Life is different now because of the death and resurrection of Jesus. Paul uses his own ethnic and religious pedigree to show that this is true. Everything is different now. In this season of Lent we are called to deep reflection on this claim. So we press on through Lent toward our celebration of what God has done for the world.

Paul writes that he regards everything as loss because of the surpassing value of knowing Christ Jesus my Lord. Do you know what he means? Among other things, new life in Christ means assigning new value to things of the world around us, often turning upside down the way the world assigns value.

This is similar to what I imagine Mary thinking that day she opened a costly bottle of perfume and poured it on Jesus’ feet.

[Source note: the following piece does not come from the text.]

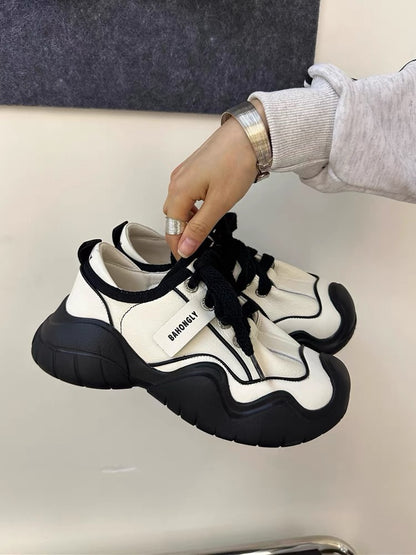 Bo Xiangni Cute Cute Daddy Shoes Women's 2023 Autumn New Thick-soled Lightweight Loafers Casual Versatile Popular Sports Shoes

Six days prior to Passover, Jesus was in Bethany, a small town just outside of Jerusalem for a dinner with friends. Jesus was a guest at the home of Lazarus and his sisters, Mary and Martha. At dinner Martha served the food, and Mary sat at Jesus’ feet, (sound familiar?). John mentions that one of the disciple, Judas, we also there. I’ll say more about in a moment.

I like the way John narrates this quiet gathering in a private home. As I’ve mentioned already in this Lenten season, Jesus’ dinner compassions were an ongoing point of contention with the Pharisees. They didn’t think he followed the rules as who was acceptable to be around and who was not—especially at a meal. It upset them when he ate with people they avoided.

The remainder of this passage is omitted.